# My girlfriend's cat is causing insomnia HELP!!!



## thewebbmeister (Aug 26, 2004)

I have been seeing a marvellous girl for about two months now, and things are going great. Just one problem. Her cat! Now, don't get me wrong, I love animals. In fact, me and my mum have a dog & love her to bits. The difference is, that our dog knows her place in the hierarchy. However, my girlfriends cat does not. My girlfriends 7 year old cat is the boss. Now I am staying over some nights and “stealing” his place in the bed he doesn’t like it, which is fair enough I guess, because he has been trained to think that the bed is his sleeping place.

The problem occurs when the cat is in the room in the early hours of the morning. He starts walking around the room, doing his dripping tap impersonation and scratching himself. Then when sleep finally comes he leaps on to the pillow, next to my head & scares the **** out of me.

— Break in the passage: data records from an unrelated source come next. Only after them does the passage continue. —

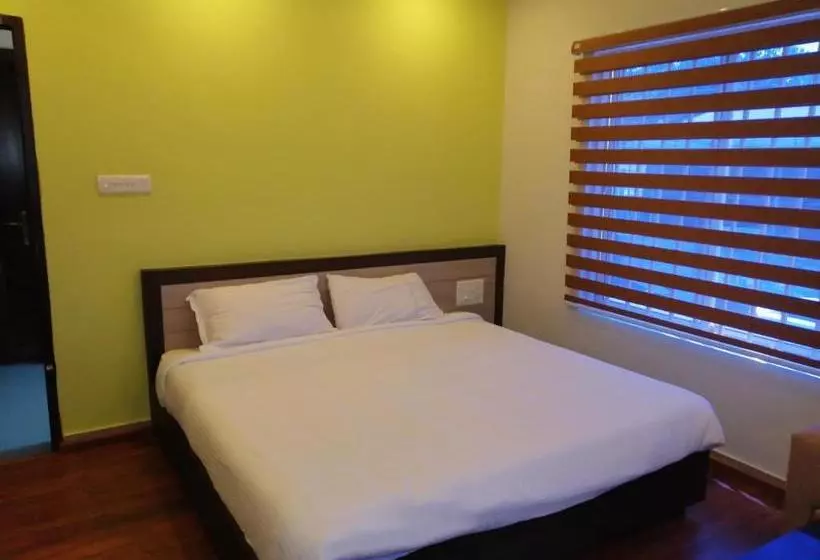 Hotelli The Orchid Suites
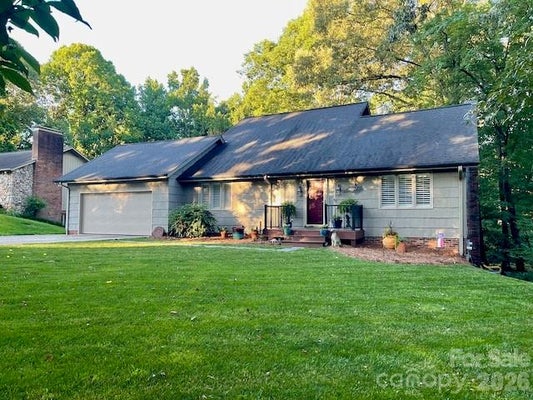 446 17TH AVENUE DR NE, HICKORY, NC 28601 - Image b161a0829e1b5ca9fc9b3f52c71cd8e9/2490923410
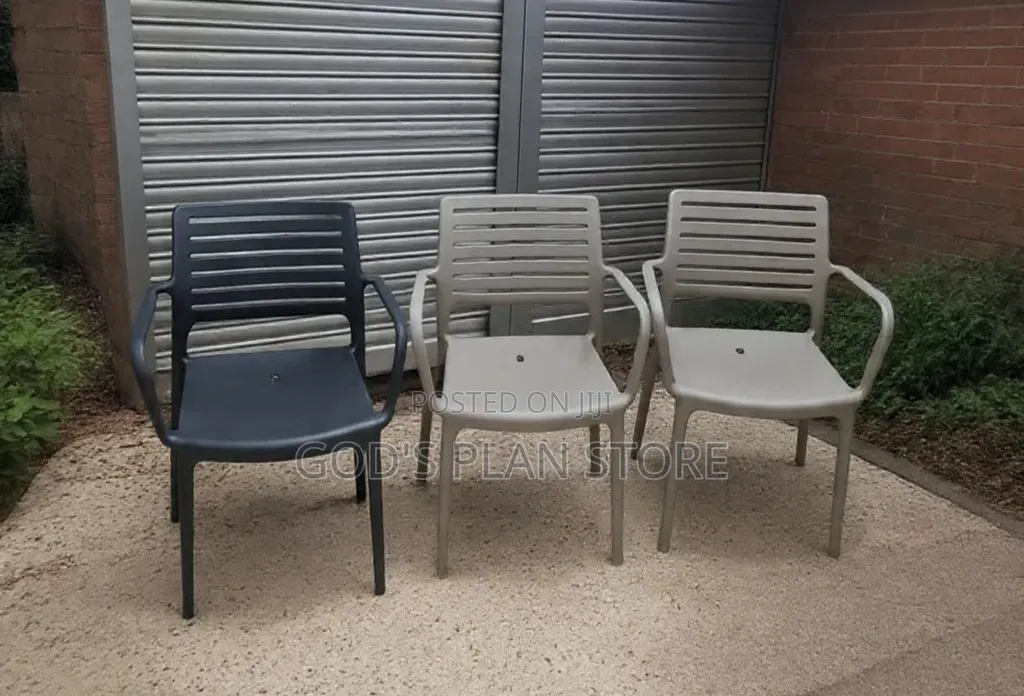 Court Yard Armrest Plastic Chairs Plastic Chairs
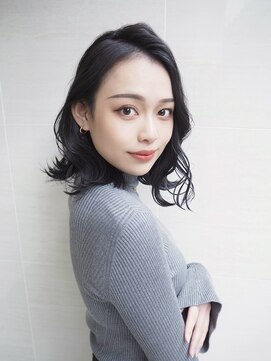 オーロ(ORO) 艶感溢れる大人女子パーマ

I put him on the floor, but 10 mins later he is up again. Obviously I cannot sleep through this carry on! On a couple of occasions, when I have been awaken and felt particularly out of sorts, I have slept downstairs with the door shut to get some peace

If you close him out of the room, then he cries to get back in. He even cries outside the door at 5am because he’s “too scared” to go downstairs on his own & she has to accompany him. (No I’m not kidding) I have told my girlfriend that he should get into a routine of going out at night like 99% of other cats do, but she says it’s too cold for him. & There’s me thinking that cats are built for survival.

So, Questions 
1). What can be done so that he is happy to quietly occupy 80% of the house during the night & we’ll make do with the other 20?
2) Is it really cruel to put cats out at night? I mean if it's raining, don't they aways find somewhere cosy to shelter?
3) How does she re-establish the correct hierarchy with her cat?

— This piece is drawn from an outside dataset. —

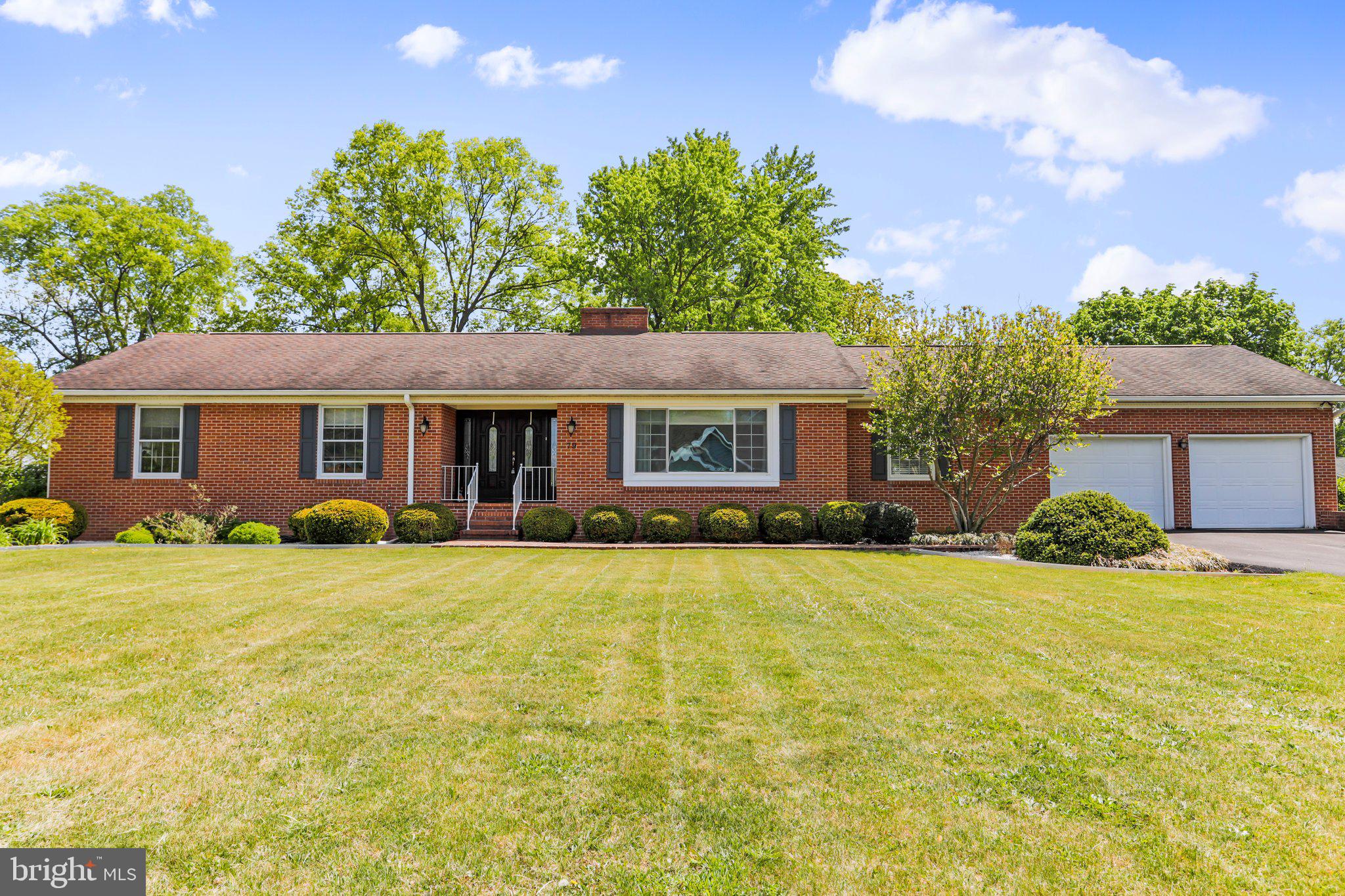 MAR WIN MANOR - Residential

The only other option I can see, is for me not to stay over on an evening, but when I suggested that I got my head bitten off!!! meow

HELP!!!
P.


----------



## AddFran (Jul 10, 2004)

Hello and welcome to the forum. I understand your frustration here...but I think it's going to take some patience on your part to come to a middle ground. 

I have to agree that is not fair or SAFE to have an indoor kitty suddenly put outdoors at night. They are not used to the environment, have not had to protect themselves for other animals and it's just not nice. This cat is 7 years old, that would be a huge upset to be put outside. And if you think the crying from the bedroom door is bad, wait until you hear it from outside the window! 

Dogs and cats are very different, while I've always considered myself a dog person, I have to say that you can not compare the two. Cats make their own rules, they do understand the hierarchy - he's the boss. You said it already! 

If your girlfriend is willing to make some changes for the benefit of your relationship, she's going to need to establish a pattern for her cat. If he's not going to be allowed to sleep in the bedroom, that's her right to keep it that way, but it'll have to be all the time and not just when you are spending the night. Otherwise, the cat will never learn the rules. And, quite frankly, I wouldn't be surprised if he didn't learn to put two and two together and realize that when you were around, he gets the boot! 

She's going to have to decide if she wants to do that though. Unfortunately, for you, I think you do have to keep in mind that the cats been there for 7 years and you are invading HIS space! :wink: 

Maybe...after some more time...you'll get to be more comfortable with one another and you won't mind so much that the cat is sleeping with you?? My boyfriend had always been a dog person and we combined households with his rottie and my cat...it took some getting used to, but we always had to keep in mind that they don't really understand what's going on and it's not fair to rock their world too much! 

Needless to say, the man that was somewhat annoyed with a cat in his bed, now sleeps with a cat between his legs or on his chest most of the night...and even calls her into the room now before closing the door to go to sleep for the night. :lol:


----------



## thewebbmeister (Aug 26, 2004)

Hi there thanks for the reply. I didn't make it clear in my original post but the cat isn't an "indoor kitty" he likes to pick and choose what evenings he goes out. I wish I could lol.
I'm a pretty light sleeper and pretty sure i couldn't get used to a cat moving about in the bedroom.
Just don't know what to do.
I think it could be a bit of a stalemate.


----------



## AddFran (Jul 10, 2004)

I'm sorry, I didn't realize that the cat already spends time outdoors and overnights. 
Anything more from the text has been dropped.